En la mañana aquella de octubre del ’76, cuando todavía no había hablado con ningún compañero y ni siquiera sabía donde estaba (por qué estaba, claro que sabía; pero como me habían encapuchado antes de salir de casa…) dos sonidos me ayudaron a ubicarme: el de un bandoneón y el de una campana.
Durante 24 años había vivido a los fondos de la seccional Cuarta, había ido a la escuela Nº5 López y Planes – que tenía una campana en su puerta- y había escuchado ensayar a un músico que tocaba el bandoneón todas las mañana.
Y fueron justamente esos sonidos los que me avisaron donde estaba.
En la esquina de Bv. Zavalla y Tucumán, justo frente a la escuela y a la vuelta de mi casa.
El punto es que al volver a la Cuarta, treinta y dos años después, al acercarnos caminando por el Bv. Zavalla, el sonido de un bandoneón tanguero nos sacudió a todos.

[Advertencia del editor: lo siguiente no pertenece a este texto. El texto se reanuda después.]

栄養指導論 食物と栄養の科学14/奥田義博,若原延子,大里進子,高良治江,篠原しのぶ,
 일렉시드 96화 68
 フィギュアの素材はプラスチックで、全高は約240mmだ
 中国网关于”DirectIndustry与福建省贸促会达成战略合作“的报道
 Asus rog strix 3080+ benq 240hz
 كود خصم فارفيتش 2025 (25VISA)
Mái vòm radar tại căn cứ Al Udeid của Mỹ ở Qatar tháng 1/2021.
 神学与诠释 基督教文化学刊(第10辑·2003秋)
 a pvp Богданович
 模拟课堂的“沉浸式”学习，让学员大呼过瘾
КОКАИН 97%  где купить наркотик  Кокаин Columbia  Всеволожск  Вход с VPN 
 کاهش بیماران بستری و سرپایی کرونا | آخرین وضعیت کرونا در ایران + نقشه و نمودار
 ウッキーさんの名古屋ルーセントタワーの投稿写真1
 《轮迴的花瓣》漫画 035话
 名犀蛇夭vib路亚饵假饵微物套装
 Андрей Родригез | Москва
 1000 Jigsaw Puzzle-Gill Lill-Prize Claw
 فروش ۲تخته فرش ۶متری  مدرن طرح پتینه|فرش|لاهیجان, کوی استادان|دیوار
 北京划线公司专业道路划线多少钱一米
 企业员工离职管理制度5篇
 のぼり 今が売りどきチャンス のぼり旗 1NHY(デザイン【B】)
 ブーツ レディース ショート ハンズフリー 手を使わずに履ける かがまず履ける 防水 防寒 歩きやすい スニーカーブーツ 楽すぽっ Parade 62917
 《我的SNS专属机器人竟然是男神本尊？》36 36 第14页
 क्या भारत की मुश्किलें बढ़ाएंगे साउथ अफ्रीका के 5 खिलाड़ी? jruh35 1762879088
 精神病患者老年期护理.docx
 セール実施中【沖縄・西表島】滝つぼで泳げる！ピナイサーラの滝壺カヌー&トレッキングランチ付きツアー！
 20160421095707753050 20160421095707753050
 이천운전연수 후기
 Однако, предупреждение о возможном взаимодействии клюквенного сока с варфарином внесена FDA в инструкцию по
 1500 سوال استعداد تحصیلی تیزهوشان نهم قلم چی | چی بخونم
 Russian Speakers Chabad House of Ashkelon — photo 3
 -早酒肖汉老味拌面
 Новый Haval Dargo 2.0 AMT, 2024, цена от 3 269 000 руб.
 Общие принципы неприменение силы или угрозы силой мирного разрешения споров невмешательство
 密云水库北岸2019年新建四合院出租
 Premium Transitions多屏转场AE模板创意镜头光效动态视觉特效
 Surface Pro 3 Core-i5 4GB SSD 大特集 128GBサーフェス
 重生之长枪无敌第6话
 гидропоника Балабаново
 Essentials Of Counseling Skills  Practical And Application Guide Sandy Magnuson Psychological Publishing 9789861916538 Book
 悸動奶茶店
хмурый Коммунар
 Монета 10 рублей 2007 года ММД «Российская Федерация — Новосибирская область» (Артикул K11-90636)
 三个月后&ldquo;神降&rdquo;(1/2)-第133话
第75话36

Como si fuera un recurso de un director de cine, alguién estaba tocando su bandoneón en el momento exacto en que nosotros íbamos al encuentro de un recuerdo tan remoto. Lo saludamos, le explicamos la situación y él confesó que alguien le había comentado un libro que contaba lo mismo.
Ensayó algo así como una disculpa, «yo escuchaba los golpes y los gritos pero pensaba, ¿qué habrá hecho esta gente para que le peguen así?, no supe ver lo que pasaba…», agradeció los elogios y volvió a lo suyo. Igual que hace treinta y dos años, de mañana, el maestro Víctor Hugo Canale toca el bandoneón.